**WHAT YOU ARE ASKED TO DO**
At the line that holds "ПЛАШЕЧНЫЙ ПРЕВЕНТОР", start repeating, and keep going exactly through the final line of the material; include both ends and skip the pictures.

**RECORD EXCERPTS**
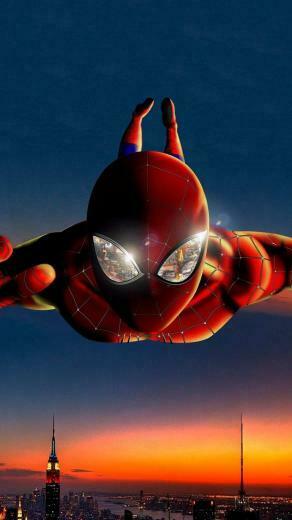 Spider Man Far From Home HD Wallpaper 4k Spiderman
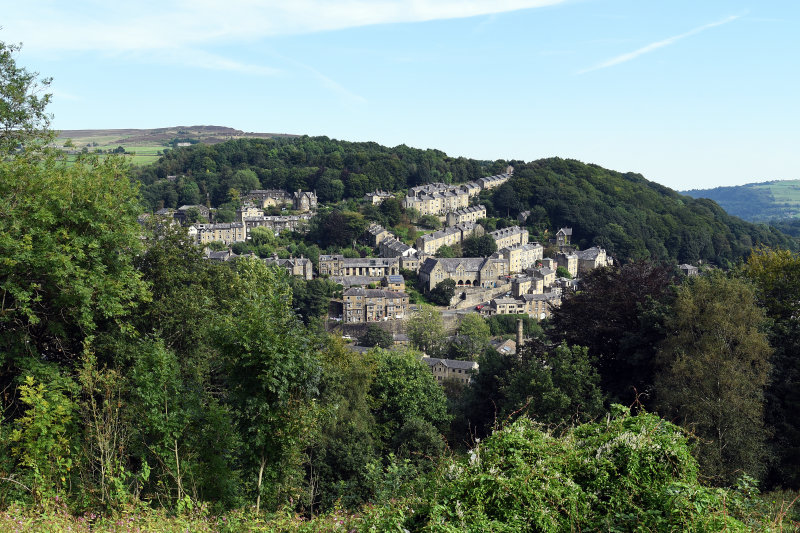 Hebden Bridge West Yorkshire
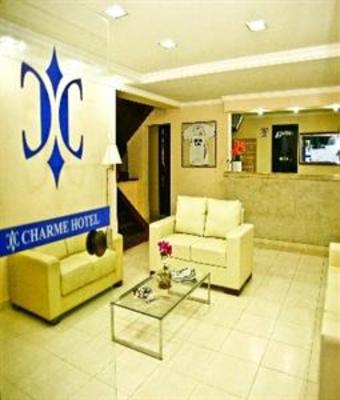 фото отеля Charme Hotel Guaruja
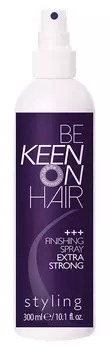KEEN Спрей финишный экстрасильной фиксации, безаэрозольный / FINISHING SPRAY EXTRA STRONG 300 мл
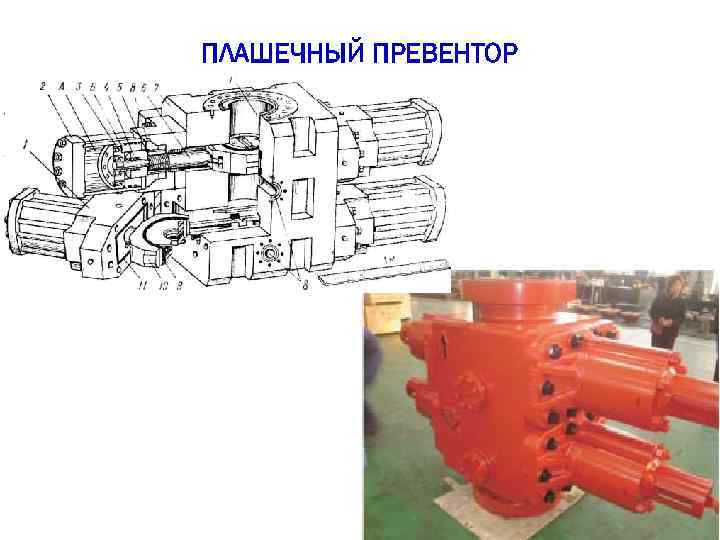 ПЛАШЕЧНЫЙ ПРЕВЕНТОР 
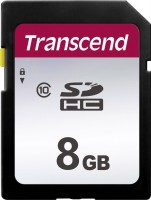 Купити карта пам'яті Transcend SDHC 300S (8Gb) за ціною від 245 грн.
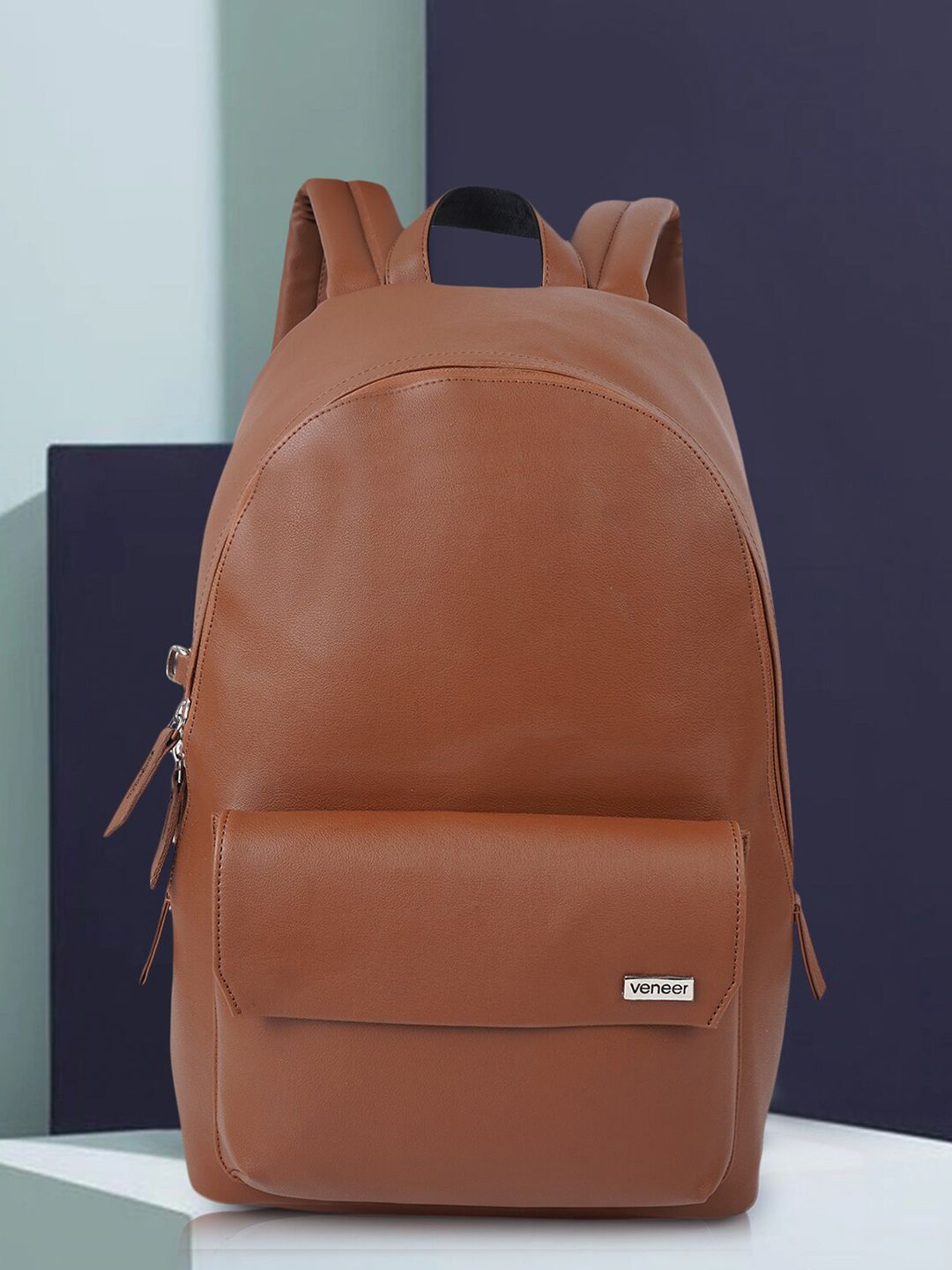 Veneer Water Resistant Laptop Backpack-picture-44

**OUTPUT BELOW**
 ПЛАШЕЧНЫЙ ПРЕВЕНТОР 
 Купити карта пам'яті Transcend SDHC 300S (8Gb) за ціною від 245 грн.
 Veneer Water Resistant Laptop Backpack-picture-44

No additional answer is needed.